Do we really choose between the world and Christ as between two conflicting realities absolutely opposed? Or do we choose Christ by choosing the world as it really is in Him, that is to say created and redeemed by Him, and encountered in the ground of our own personal freedom and of our love?  Do we really renounce ourselves and the world in order to find Christ, or do we renounce our alienated and false selves in order to choose our own deepest truth in choosing both the world and Christ at the same time? [emphasis added] If the deepest ground of my being is love, then in that very love itself and nowhere else will I find myself, and the world, and my brother and Christ. It is not a question of either/or but of all-in-one. It is not a matter of exclusivism and “purity” but of wholeness, wholeheartedness, unity and Meister Eckhart’s Gleichheit (equality) which finds the same ground of love in everything.

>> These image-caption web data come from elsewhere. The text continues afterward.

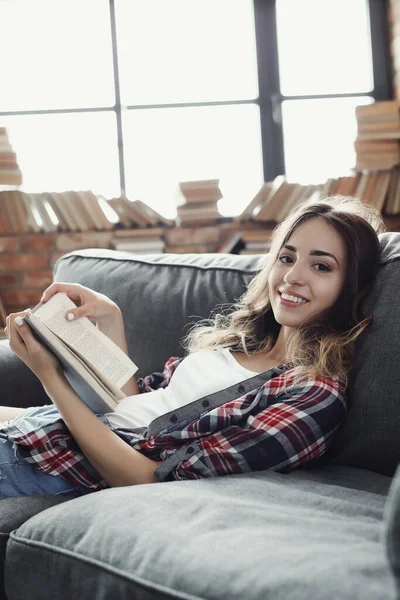 Educação Livros Mulher Encantadora Biblioteca — Fotografia de Stock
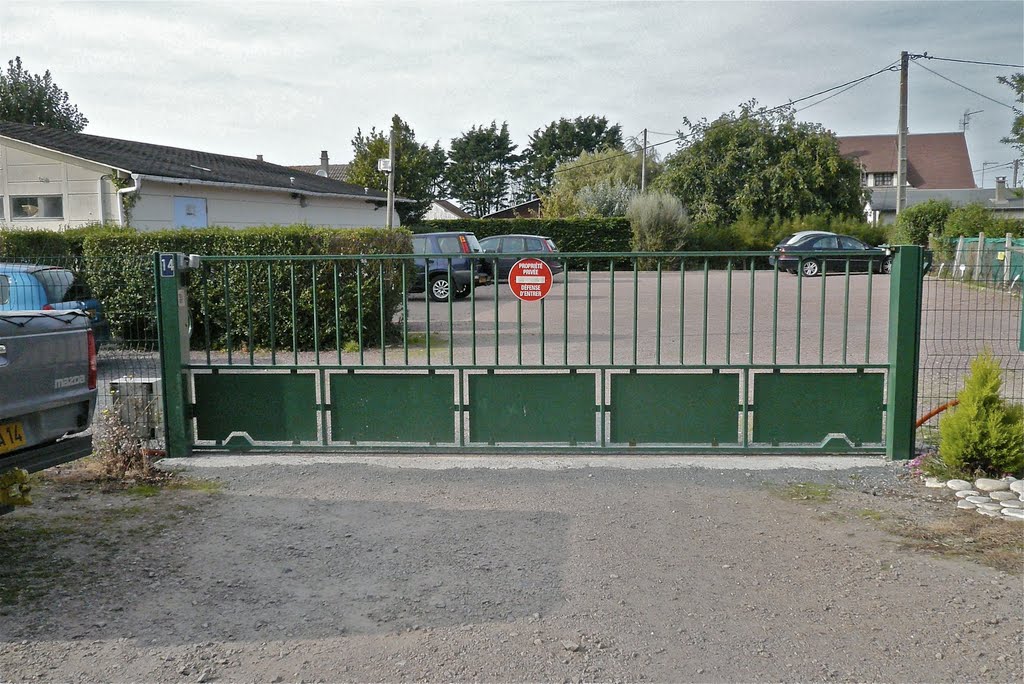 Entrance to holiday cottage car park by brianrwright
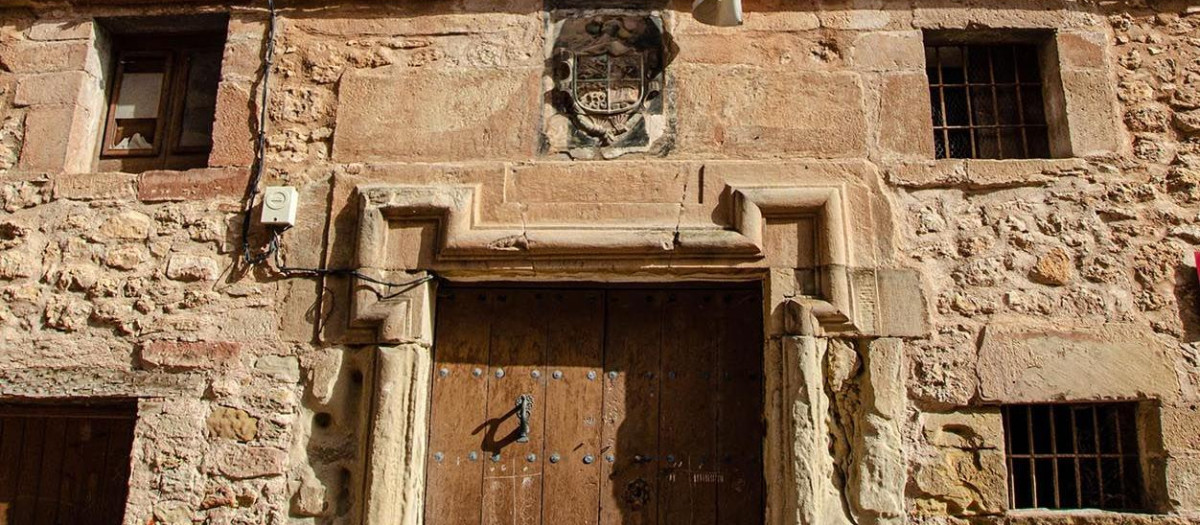 La fachada del Palacio de los Arias antes de ser demolida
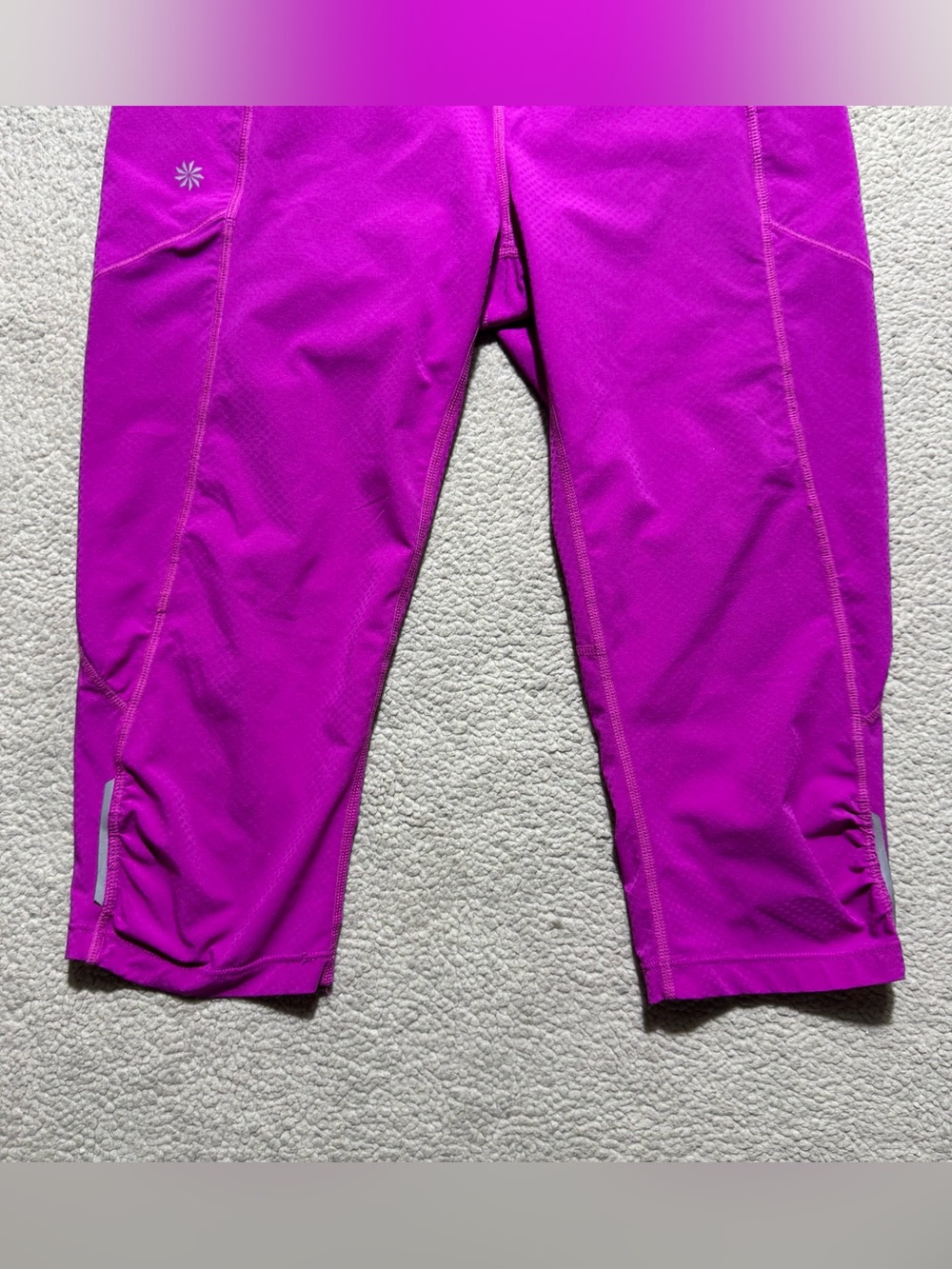 Athleta Leggings Womens Small Magenta Cropped Mid Rise Stretch Athleisure Gym - Picture 3 of 12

The world cannot be a problem to anyone who sees that ultimately Christ, the world, his brother and his own inmost ground are made one and the same in grace and redemptive love. If all the current talk about the world helps people to discover this, then it is fine. But if it produces nothing but a whole new divisive gamut of obligatory positions and “contemporary answers” we might as well forget it. The world itself is no problem, but we are a problem to ourselves because we are alienated from ourselves, and this alienation is due precisely to an inveterate habit of division by which we break reality into pieces and then wonder why, after we have manipulated the pieces until they fall apart, we find ourselves out of touch with life, with reality, with the world and most of all with ourselves. [emphasis added]

Amen!  Read the whole thing here.  May the Benedict Option lead us all to a renewal of the monastic and contemplative dimension of Christianity, both inside and outside of the cloister.